Jumblr has really led me to be able to make friends and connections, given me a space to collect resources and learn from other Jews and allowed me to develop my opinions and explore Judaism in a safer space,” Saville said. “I am an intersex, transgender/non-binary person who is currently in an interfaith relationship and have to convert for legality issues [within Jewish law] despite being raised Jewish. I also am autistic and deal with other personal issues that can create some barriers. All of this combined causes me sometimes to have a complicated relationship with Jewish spaces [in real life].” 

Content on Jumblr “fills a void of accessible education” for many who have been traditionally marginalized or unable to access Judaism in traditionally offline spaces, according to Saville. 

“A lot of adult education might not be available, or it is too expensive, or someone can’t access their local synagogue,” Saville said. “Many conversion students, de-assimilating Jews, and others post their learnings and resources [on Jumblr] to share.”

While plenty of informative posts circulate explaining holiday rituals or sharing nuggets of wisdom from traditional texts, Jumblr is also a dumping ground for Jewish takes on viral memes, rants on anti-Semitism, and an abundance of Jewish jokes. On any given day, one can find posts that imagine Hogwarts as a yeshiva or debate whether a Jewish vampire could keep kosher and still drink blood

“Growing up, you had that group of kids who were only at the synagogue because they had to be, and then you had me sitting at the front of the class asking the rabbi all sorts of weird questions,” Hannan said. “I was always a hand-raiser, and Jumblr has allowed me to continue that and allowed me to engage in the mind-exercises of Judaism.”

Spider Perry, a transgender, non-binary queer Jew, describes Jumblr as a “perpetual Torah study that is just as likely to go off-topic” that has provided them a loving queer Jewish community both online and offline. A friend they met virtually through Jumblr even served as their witness at Perry’s conversion mikveh immersion. 

“[Through Jumblr,] I’ve gotten access to a much wider and much queerer set of opinions than I get from my local synagogue,” Perry said. “Also, because I know we are not uncommon — that queer and trans Jewish folx are not an anomaly but a regular part of the community — it’s given me the courage to ask for my synagogue to be more actively inclusive. It has also led me to queer Jewish events in real life.”

Perry emphasized the importance of accessibility to queer Jewish spaces that Jumblr provides.

“Having realized how many trans and queer Jews there are in the world, I feel much, much less alone. And because of my experiences on Jumblr, I’ve taken my rabbi’s ‘Have you ever considered becoming a rabbi?’ much more seriously,” Perry said. “I don’t know if I would have done that if I didn’t know how many queer Jews there are out there, disconnected from synagogue life, because no one like them is in synagogue leadership near them.”

While many have found friendship and community, many bloggers have also experienced anti-Semitism, cyberbullying, and abuse on the platform. Tumblr users can anonymously send each other messages, and Nazis regularly abuse this feature to harass Jewish bloggers through hateful messages, threats of doxxing, and by sending graphic pictures of bodies of Jews murdered in the Holocaust.

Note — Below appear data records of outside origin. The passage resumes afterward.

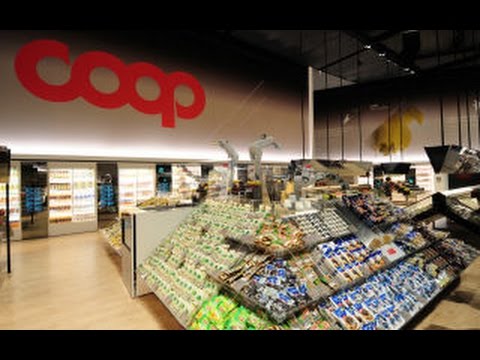 La catena di supermercati COOP ha centinaia di posti vacanti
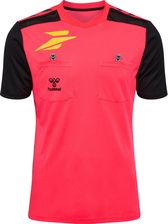 Zdjęcie Hummel Koszulka Ffhb New Referee Unisex Różowy - Śrem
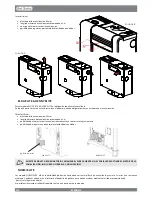 Preview for 116 page of Dal Zotto BEATRICE User Manual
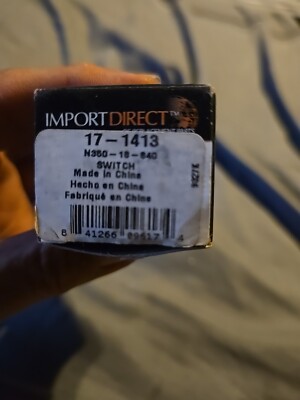 Switch 17-1413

Unlike other social media sites, Tumblr’s community guidelines explicitly forbid hate speech while encouraging users to report content that violates these standards. However, the site has been criticized for not adequately purging its platform of content created by Nazis, white supremacists, and other alt-right users.

Jumblr bloggers don’t only endure abuse from neo-Nazis — sometimes, Jews send anonymous asks or create fake blogs to harass other Jews.

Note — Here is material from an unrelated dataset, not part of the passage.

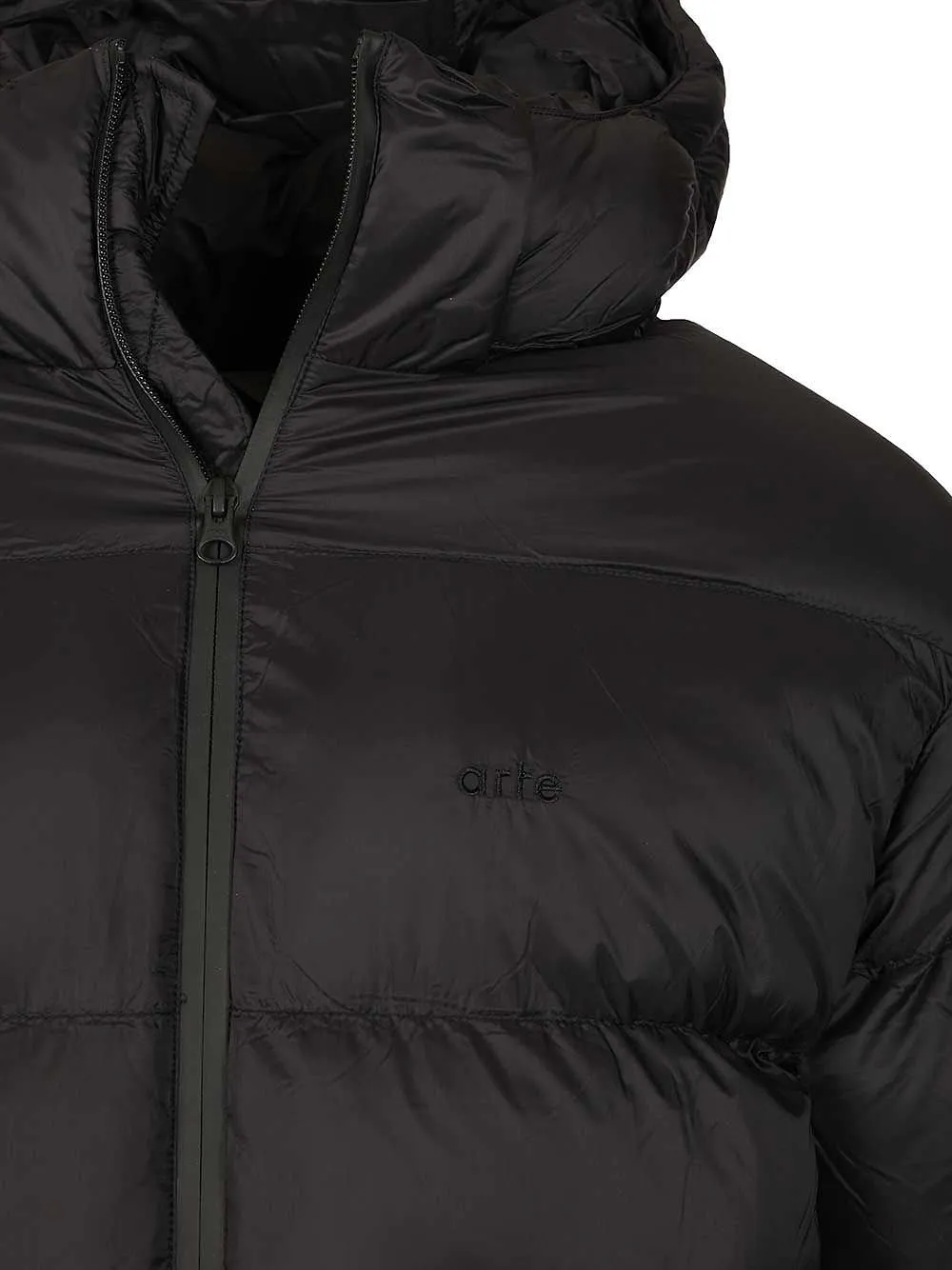 Arte Antwerp Hooded Puffer Jacket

“Anonymity is a hell of a drug,” Perry said. “I know multiple converts who have been doxxed or had their rabbis contacted to try to stop them from converting. 

“Jumblr takes some of the worst parts of the Jewish community and amplifies them just the same as it amplifies the best parts of the Jewish community,” Perry continued. “Despite all of the negative aspects of Jumblr, and there are several, I wouldn’t trade it for anything.”